But, he added, “This Old House will be more than a working model of rehab hints for homeowners and do-it-yourselfers. It will expand viewers’ perceptions of what a home can be.”
This Old House aired nationally in 1980. The series featured the renovation of a crumbling 1860s Victorian in Boston. The show’s initial host, Bob Vila, was a Cuban-American builder, who specialized in old homes. He became the father of home renovation television…and my hero.
I was eleven. Wrapped in a flannel nightgown and curled up on our fraying beige carpeting, I watched the series on a fourteen-inch black and white TV on Twin Cities Public Television. Riveted.
I currently live in a 1922 Arts and Crafts home in McHenry, IL, with my handsome husband and our two adopted children. (No, not a dozen…Yet.) According to the McHenry Landmark Commission, wealthy merchant William Pries built our house, sparing no expense, and connected it by a tunnel to the old McHenry Brewery across the street. Legend has it that, during Prohibition, liquor was carted through the tunnel to the speakeasy in our basement. This might account for the neatly plastered rooms on the lower level and the thick wooden doors that all lock from the inside. It might account for the full-height cellar underneath our front porch, accessible via a funny little double door at shoulder height. It might also account for the secret trap door and hiding place at the bottom of our extra-large laundry chute. Who knows? But the house definitely has some fabulously odd features.
I have often asked myself what it is about old homes. Why I am so partial to them. Of course, I love the character and the quality of the craftsmanship. I am intrigued by the history and often imagine the wide variety of life moments that have happened within the same walls. The celebrations. The arguments. The conversations. The heart breaks. The mundane tasks. The life-altering decisions. The quiet moments.
And then—with an old house—there is the opportunity for transformation. So much possibility. The peeling paint. The scratched floors. The dated kitchen. But the potential. The hope. The broken begging to be made whole. Then, at the end of every home renovation show, the long-awaited revelation.
This is what I want to talk about. Renovation. Rehabilitation. Revelation. Of old homes, sure. There will undoubtedly be some of that. We still have a long list of projects at our house. But even more so, the transformation in our lives. I am that termite-infested, rotting ruin of a farmhouse after all. (Thank God, he sees potential!) And as sophisticated as we imagine ourselves to be, I think most of us are regularly stumped by some of the “simple” problems of life.
Old home renovation certainly isn’t a new or original metaphor for personal or spiritual growth.
C.S. Lewis used it. In Mere Christianity he wrote: “Imagine yourself as a living house. God comes in to rebuild that house. At first, perhaps, you can understand what He is doing. He is getting the drains right and stopping the leaks in the roof and so on; you knew that those jobs needed doing and so you are not surprised. But presently He starts knocking the house about in a way that hurts abominably and does not seem to make any sense. What on earth is He up to?
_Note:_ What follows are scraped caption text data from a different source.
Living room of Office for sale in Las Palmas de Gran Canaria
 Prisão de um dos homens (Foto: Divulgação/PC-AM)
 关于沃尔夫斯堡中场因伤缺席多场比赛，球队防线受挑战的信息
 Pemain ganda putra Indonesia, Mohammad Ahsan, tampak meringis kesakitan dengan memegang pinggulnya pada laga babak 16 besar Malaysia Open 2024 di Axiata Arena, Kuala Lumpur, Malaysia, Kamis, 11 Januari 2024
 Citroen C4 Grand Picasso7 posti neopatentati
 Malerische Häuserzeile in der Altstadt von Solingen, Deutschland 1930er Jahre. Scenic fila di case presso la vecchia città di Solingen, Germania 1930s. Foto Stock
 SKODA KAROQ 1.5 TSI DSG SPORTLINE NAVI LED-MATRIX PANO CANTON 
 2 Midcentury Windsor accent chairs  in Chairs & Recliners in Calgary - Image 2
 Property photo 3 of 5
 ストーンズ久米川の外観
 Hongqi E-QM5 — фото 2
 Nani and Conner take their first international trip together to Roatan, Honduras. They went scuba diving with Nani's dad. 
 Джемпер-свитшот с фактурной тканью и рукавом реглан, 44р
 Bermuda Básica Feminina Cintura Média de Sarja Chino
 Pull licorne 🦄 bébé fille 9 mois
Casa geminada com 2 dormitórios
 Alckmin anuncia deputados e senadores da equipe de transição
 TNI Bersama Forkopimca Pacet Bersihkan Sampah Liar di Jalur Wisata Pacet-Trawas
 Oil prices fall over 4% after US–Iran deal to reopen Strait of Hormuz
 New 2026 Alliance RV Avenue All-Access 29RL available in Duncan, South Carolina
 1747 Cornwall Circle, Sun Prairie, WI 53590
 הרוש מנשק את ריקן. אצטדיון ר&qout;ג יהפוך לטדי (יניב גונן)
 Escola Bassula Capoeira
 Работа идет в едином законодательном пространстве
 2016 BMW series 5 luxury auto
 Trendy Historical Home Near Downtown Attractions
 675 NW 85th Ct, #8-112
The explanation is that He is building quite a different house from the one you thought of – throwing out a new wing here, putting on an extra floor there, running up towers, making courtyards. You thought you were being made into a decent little cottage: but He is building a palace. He intends to come and live in it Himself.”
But then C.S. Lewis wasn’t the first to use the image either. Jesus Christ used it. Not surprising, I suppose, since his father had also been a carpenter. At the end of his Sermon on the Mount, he challenges the crowd to hear his words and to do them. To not build their house on the sand. But instead, to be like the wise man, who built his house on the rock.
No, admittedly, it isn’t an original image. But I like it.